Dès le premier plan, on peut remarquer la virtuosité de Annemarie Jacir. Un jeune garçon sur des patins à roulettes, et la caméra se fixe sur les patins, et avance en même temps. Et soudain, la caméra s’arrête et monte vite. On arrive sur le jeune garçon qui se fait tabasser par d’autres jeunes garçons. Suivra la présentation du jeune garçon et de sa mère. Dès le début, la réalisatrice palestinienne nous montre un personnage principal mal intégré, qui souffre et qui vit dans la pauvreté.

Tout est placé, il n’y a plus qu’à dérouler l’intrigue. Souvenez-vous, en 2013, des brillants Enfance Clandestine (Benjamin Avila), Wadjda (Haiffa Al Mansour) et Lore (Cate Shortland). Le traitement est le même : un jeune personnage en pleine initiation, à travers une quête personnelle, dans le contexte d’un conflit socio-politique. Ici, Annemarie Jacir nous positionne en 1967, dans une guerre entre la Palestine et la Jordanie. Mais comme dans les trois films cités précédemment, le contexte n’est que dans les esprits. Car il ne sera pas touché, il sert d’obstacle psychologique aux personnages.

Dans la première partie, où Tarek est encore dans le camp de réfugiés, il y a une certaine noirceur dans l’ambiance. Pas encore vraiment de tension, mais tout est fait pour mettre le spectateur mal à l’aise. La frontalité sur la pauvreté est nette, et l’avancement est direct. J’entends ici qu’il n’y a aucune retenue dans les dialogues et dans les attitudes. Une première partie qui se démarque comme un drame noir, mais surtout comme un drame familial. Cette partie sert avant tout d’exposition.
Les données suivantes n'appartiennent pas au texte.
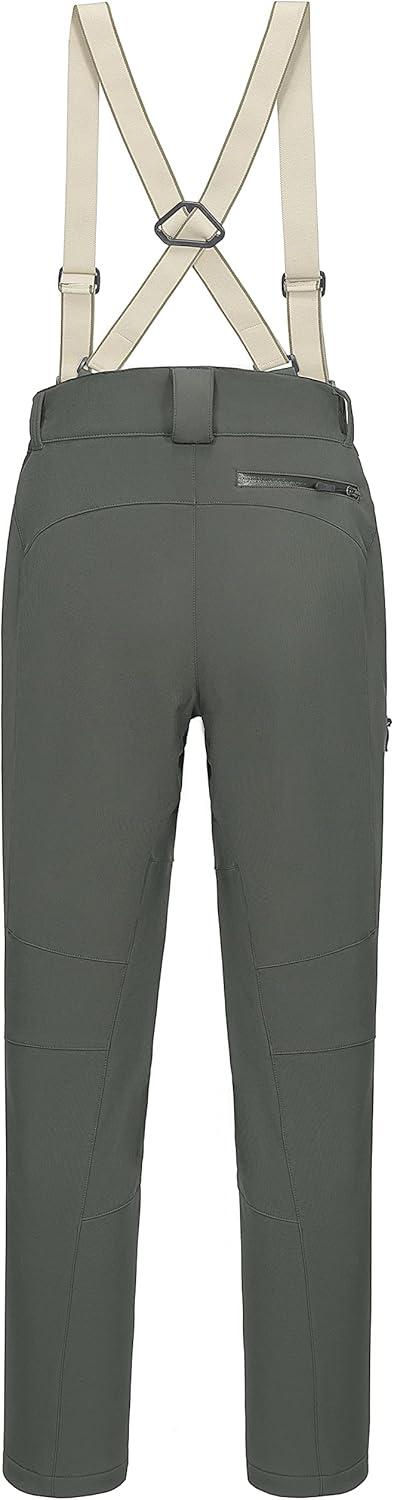 imageLittle Donkey Andy Mens Skiing Bibs Fleece Lined Snow Pants Winter WaterRepellent Snowboard Pants with SuspendersIvy Green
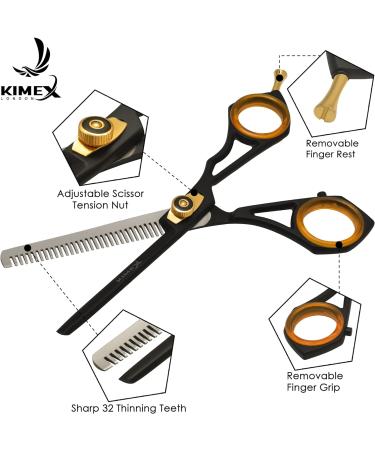 KIMEX LONDON Professional Hair Scissor Set - Stainless Steel Hair Cutting Shears with Thinning Scissor Razor, Hair Combs, and Leather Cover Black - Buy Online on GoSupps.com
Enfin, il y a la fuite du jeune Tarek. A partir de là, Annemarie Jacir relâche la noirceur de son ambiance. Mais elle décide d’ajouter de la tension. Ce qui est agréable dans le rythme de ce film, c’est – que ça soit au montage ou dans le scénario – qu’il y a cette oscillation de sensations. Dans une scène, la réalisatrice mettra le spectateur à l’aise (comme des scènes musicales autour du feu), et dans la suivante elle créera une forte tension. Ainsi, la réalisatrice fera autant preuve de tendresse envers ses personnages, que de cruauté.
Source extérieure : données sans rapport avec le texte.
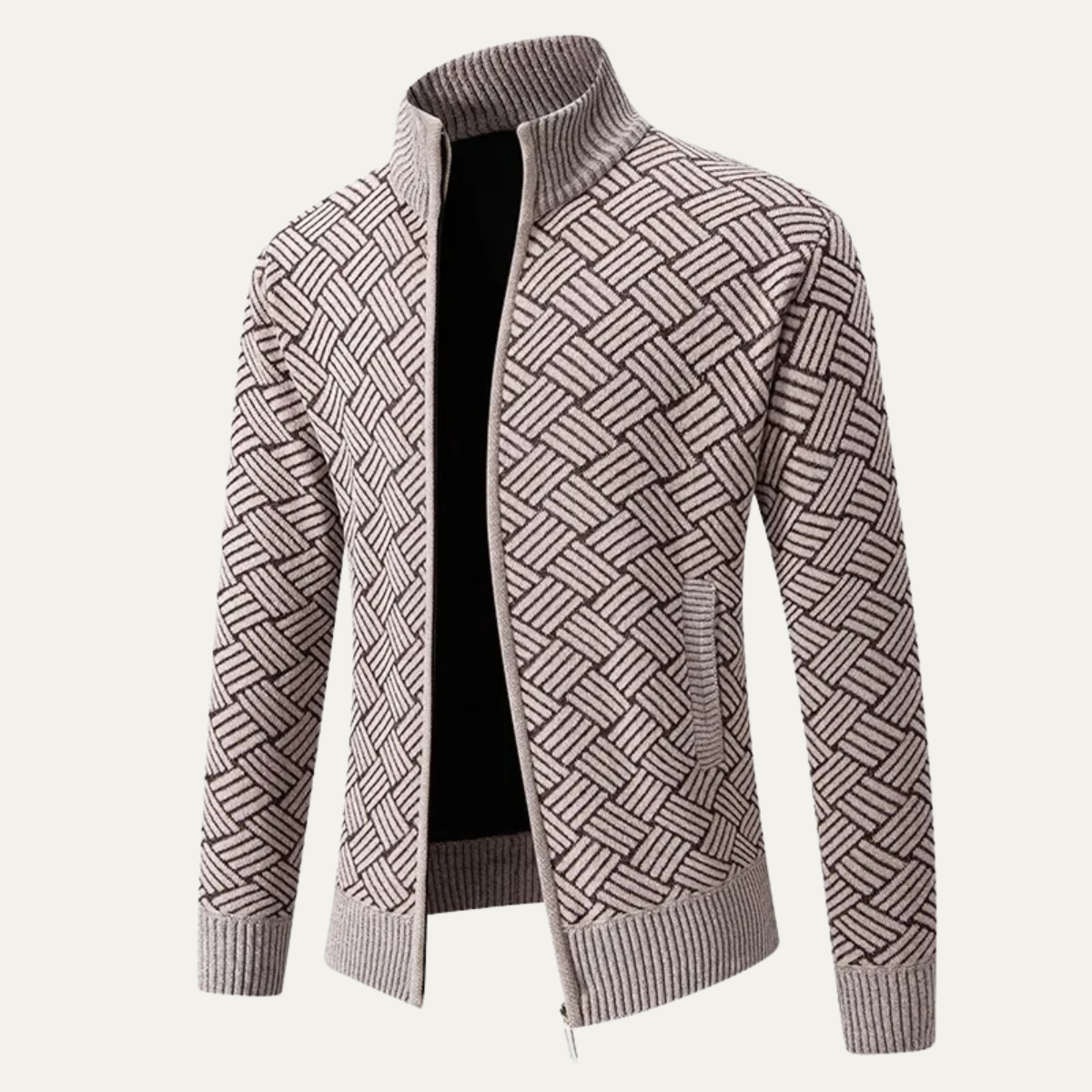 The Tropea Men’s Warm Fleece Lined Knitted Zip Cardigan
Dans ces moments de tendresse, Annemarie Jacir sera être modeste avec sa caméra. Des personnages proches, des plans larges aux plans moyens (fusion des corps avec le paysage) et même des plans assez longs. De plus, la plupart de ces scènes reposée se jouent surtout sur les dialogues. Concernant les moments de tension, les gros plans et les plans rapprochés sont requis (retour à l’état sauvage, le paysage devant obstacle). Il y a également cette manière de faire des plans courts, pour un montage rapide. Tout se passe ici par les attitudes des acteurs. Ainsi, la mise en scène de Annemarie Jacir fait coup double.
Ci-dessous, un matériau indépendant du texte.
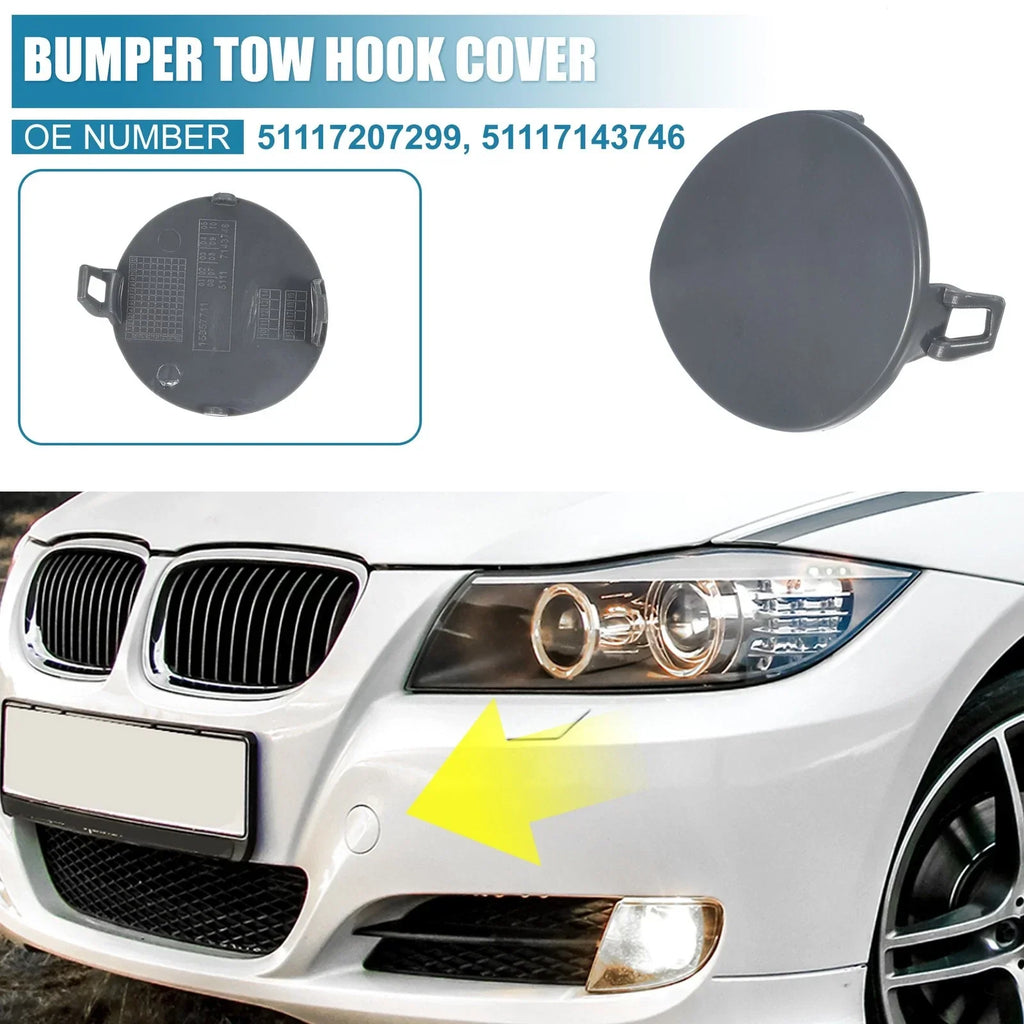 Car Front Bumper Tow Hook Cover for BMW Eye Lid Cap Gray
Il ne faut pas oublier que le personnage principal est un enfant. Alors évidemment, toute l’histoire est racontée de son point de vue. A partir de cela, la réalisatrice pendra du recul sur le contexte socio-politique. De l’innocence, de l’ironisme, une touche d’humour, une communion entre rebelles. Ceci lui permet de mettre à nu les contradictions du monde dans lequel vivent les personnages. On pourra même dire que la réalisatrice ajoute une part d’épique dans son film. Elle n’hésitera pas, par exemple, à intégrer à sa photographie toujours les mêmes couleurs chaudes. En effet, le jeune garçon est dans une sorte d’aventure, de son point de vue.

C’est là que l’initiation se dote d’un autre sujet, encore plus attachant. Outre le côté aventure et satire du contexte socio-politique, il y a une séparation familiale. Une famille décomposée, où le jeune garçon se sent étouffé par sa mère (voir les gros plans ou les plans rapprochés à chaque fois qu’il le dit). En ayant marre, il fuit et rencontre ces rebelles. Pratiquement que des hommes (il y a une femme), avec qui il se liera d’amitié. C’est en vivant constamment avec eux qu’on le voit grandir. Il veut devenir militaire, et ainsi devenir un homme. Mais surtout, il obtient une affection masculine qui lui manquait tant. Avec ces hommes rebelles, il obtient enfin le rôle paternel qu’il recherchait.